Brokers and Consumers are ephemeral, disposable, and quick to start up
While they make good use of available local disk, they have no reliance on persistence of mounted data volumes. From a cold-start, brokers are able to serve journal read, append, and replication operations without having to first copy any prior written data. As a trade-off, reads may block until the broker observes that recent written content has been persisted to the backing blob store.
Non-goal: Topics or higher-level organizing concepts
A common tactic to achieve horizontal scale-out of high volume message flows is to spread a collection of like messages across a number of “partitions”, which collectively form a “topic”. Many systems, like Kafka or Pulsar, provide a formal representation of topics as an API concern. Gazette does not, and understands only journals.

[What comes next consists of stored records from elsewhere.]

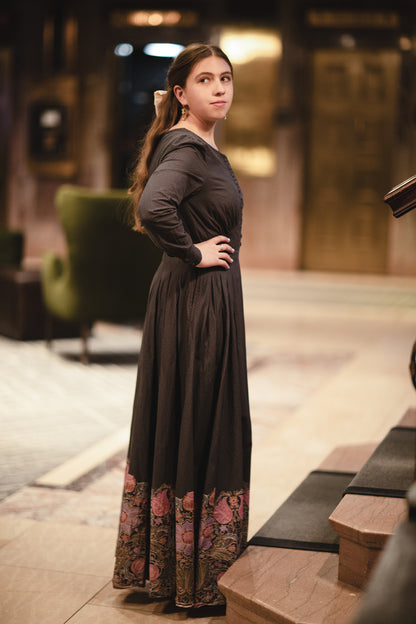 Noirette ~ Meadowcourt Dress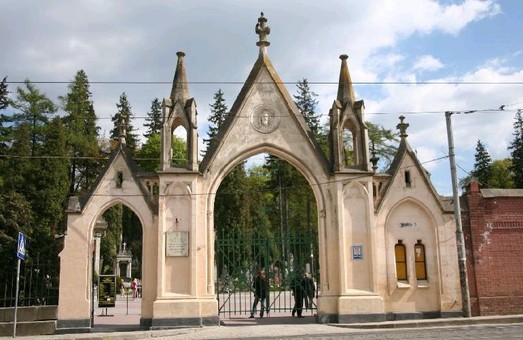 На Личаківському цвинтарі вшанують Героїв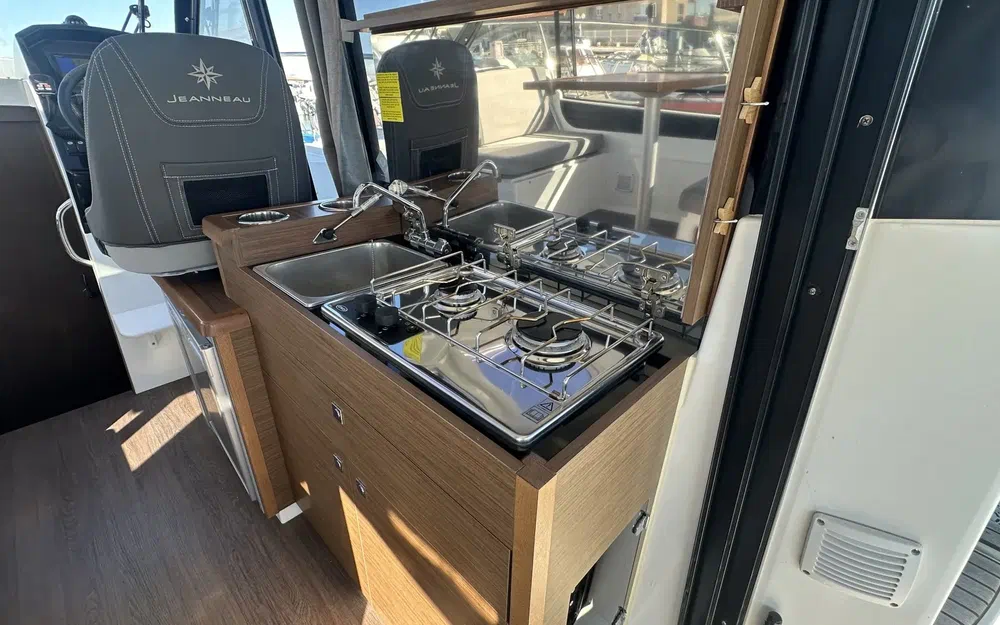 slider 6 Jeanneau Merry Fisher 895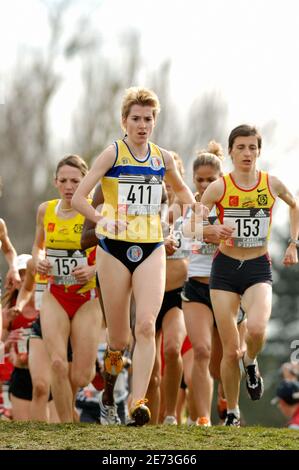 Christelle Daunay (153) in Francia si esibisce e Elodie Olivares (411) in una lunga gara femminile durante i Campionati francesi di fondo a Vichy, Francia, il 4 marzo 2007. Foto di Stephane Kempinaire/Cameleon/ABACAPRESS.COM Foto Stock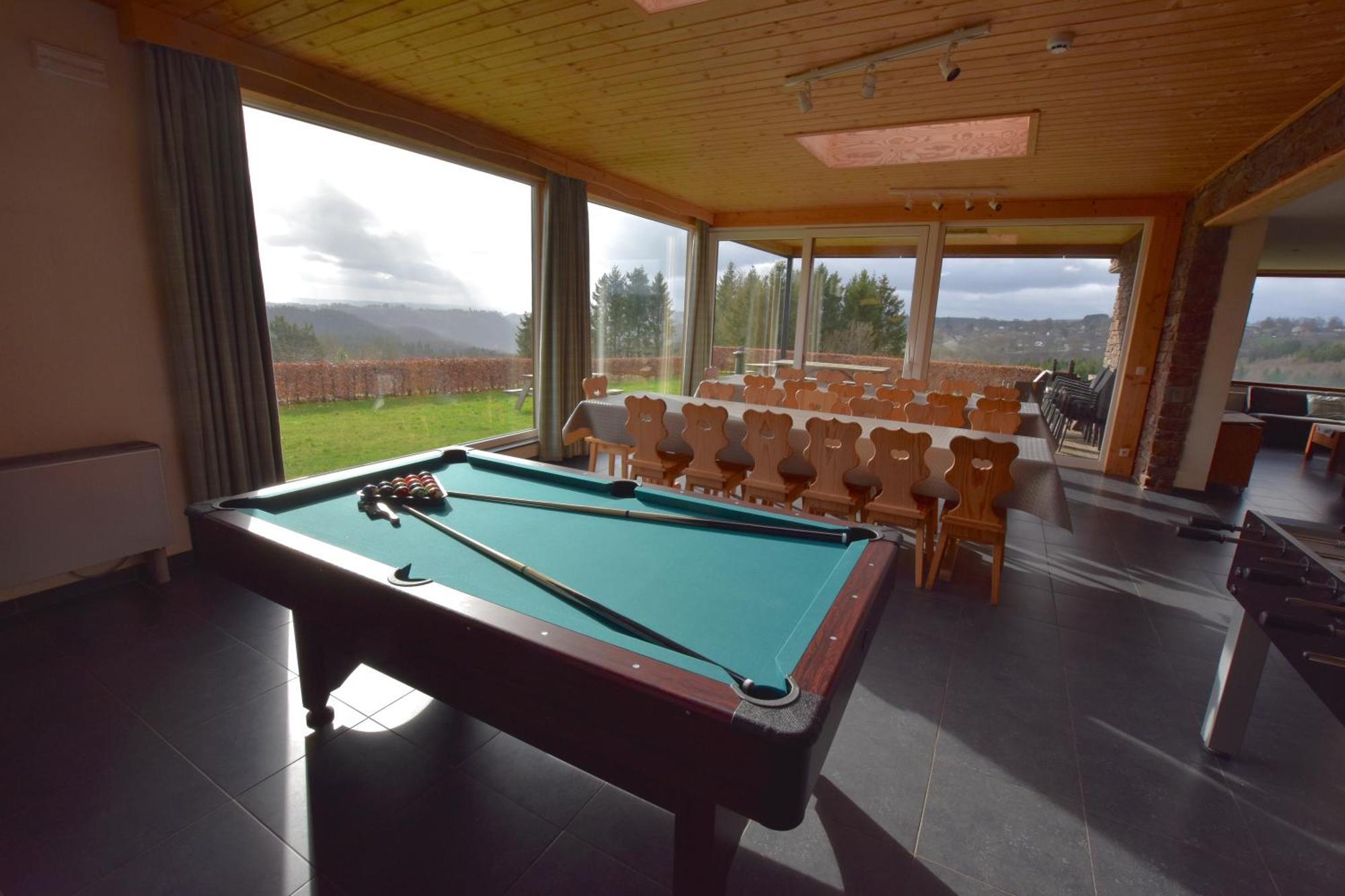 Les Loneux 27 Pers, - Vue Incroyable - Wellness, Billard, Cinema Malmedy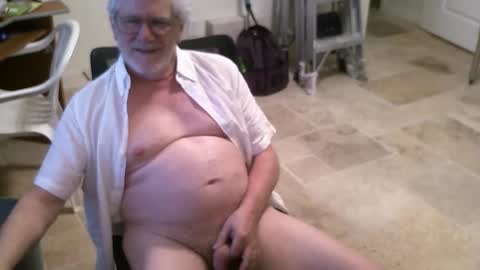 Alanlee10allen online show from April 15, 2026, 9:48 pm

Instead, Gazette borrows Kubernetes’ notion of “labels”, which can be applied
to resources like journals, and “label selectors” which define queries over
declared labels. Topics can informally be implemented as a label and selector
like topic=my_logs
but selectors allow for additional flexible expressions
(eg, topic=my_logs, region in (apac, us)
, or topic in (my_logs, my_new_logs)
Simple file-based integration with existing batch processing work-flows
Spans of journal content (known as “fragments”) use a content-addressed naming convention but otherwise impose no file structure and contain only raw journal content, optionally compressed. Fragments are also written under predictable prefixes to the backing blob storage service, which means existing batch processing work-flows can “integrate” with Gazette by directly reading and watching for files within the blob store, using a service (such as Amazon SNS) to receive file notifications, or using a library which implements such polling already (such as Spark DStreams).
Fast, zone/rack aware balancing and fail-over
Gazette brokers and consumers dynamically balance work items (eg, journals) across the current cohort of application instances deployed by the operator. Those instances may come and go, or even fail, at any time.
Failure of a broker or consumer process should be detected and fail-over quickly, and should be tolerant to rack or whole availability zone failures. Such failures should never result in data-loss, or interrupt broker or consumer services for more than the seconds it takes to detect failure and remove affected members from the topology, appropriately re-balancing their load.
Brokers are able to immediately serve a newly assigned journal without any replication delay. Gazette consumers may optionally have a number of “hot standbys” which replicate database file state and can immediately take over for a failed peer.
Non-goals: distributed state & consensus
Gazette uses Etcd v3 as the single source-of-truth for distributed state (eg current membership, journal specifications, and process assignments). Etcd v3 leases are used to detect process failures and gate distributed topology changes. Gazette employs an “allocator”, running atop Etcd API primitives, which solves for distributed zone-aware assignment and horizontal rebalancing.
Non-goals: resource management and job scheduling
Gazette does not manage workloads or services, such as the provisioning or scaling of brokers or consumers, and relies on an external orchestration framework to perform these tasks. The authors use and enthusiastically recommend Kubernetes.